L’homme le plus libre, et comme Montaigne, un homme de tous les temps. Païen de raison, et de sens catholique, il ne souffre aucune contrainte. Telle est la règle de ce Moi parfait : tout ce qui fait obstacle au libre jeu du héros, il le déteste ; il tient pour bon tout ce qui aide l’homme à réaliser sa propre nature. L’homme enfin et le héros ne se séparent point à ses yeux. Le héros d’amour est celui qu’il préfère. Pour Stendhal, un homme incapable de passion, ou sans énergie à s’y livrer, n’est rien du tout.

Il vit pour vivre. C’est pour être lui-même qu’il aime et qu’il écrit. L’Italie est son climat, lui ayant paru que l’Italie est le climat le plus favorable à la vie.

Tous les jougs lui sont odieux.
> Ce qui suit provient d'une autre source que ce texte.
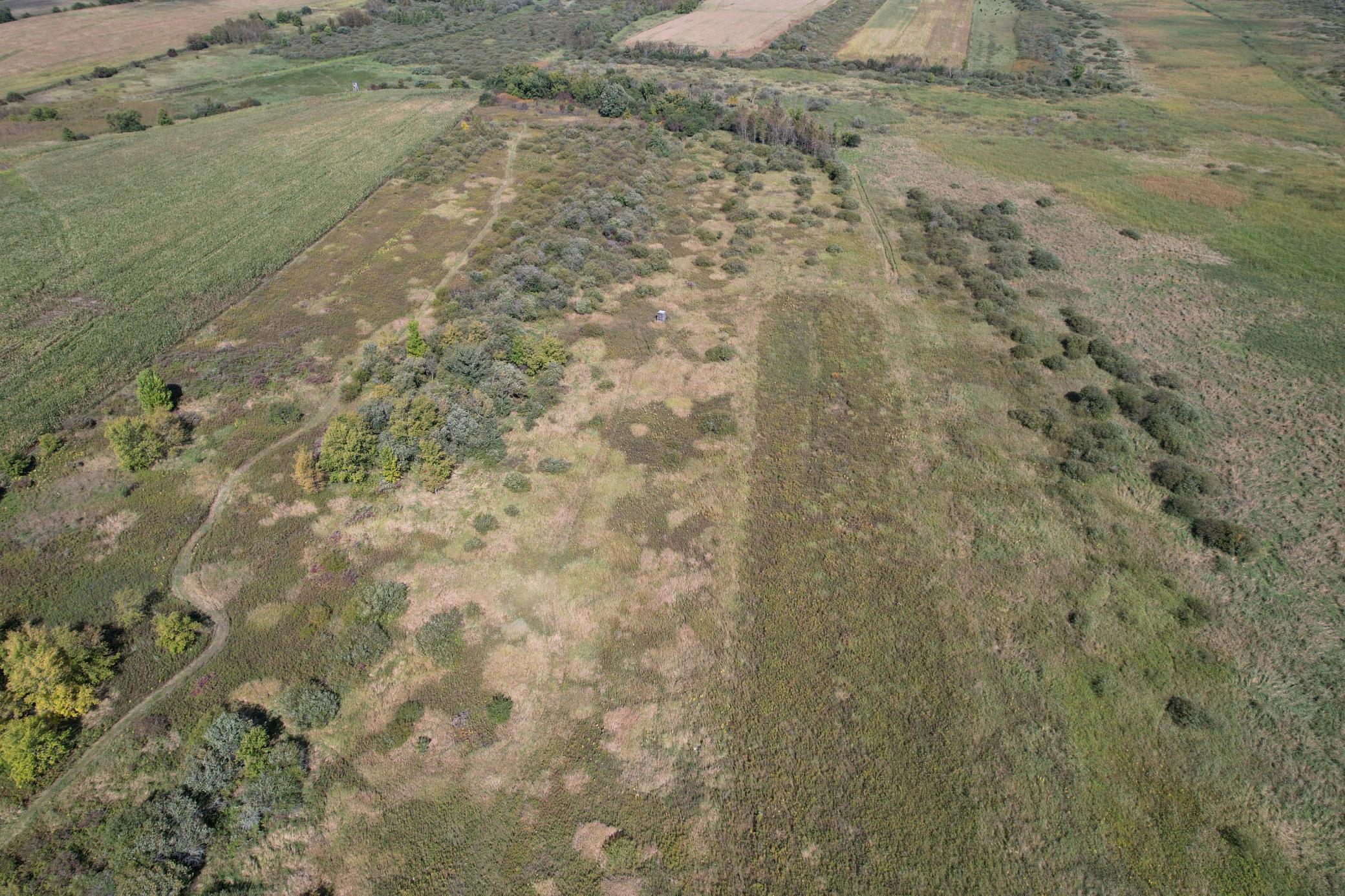 land for sale at TBD 400th Street in Bertha, MN (photo 14 of 46)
Il les brise, à mesure qu’il les rencontre. Dans la religion, il exècre premièrement le joug de la raison. Il juge la famille, l’état, la province, le monde et les siècles. Il se fait une époque, et un lieu de ce qu’il rencontre de plus passionné et de plus libre dans tous les pays et dans tous les âges. Dupe de rien, il veut l’être de la passion.

Il a donc le sens profond de l’art : il sait que l’art est, d’abord, une ivresse de la vie. Il sait que, dans la douleur même, l’art cherche une volupté ; et que l’artiste est le héros de la jouissance. Ce monde-ci veut qu’on en jouisse à l’infini.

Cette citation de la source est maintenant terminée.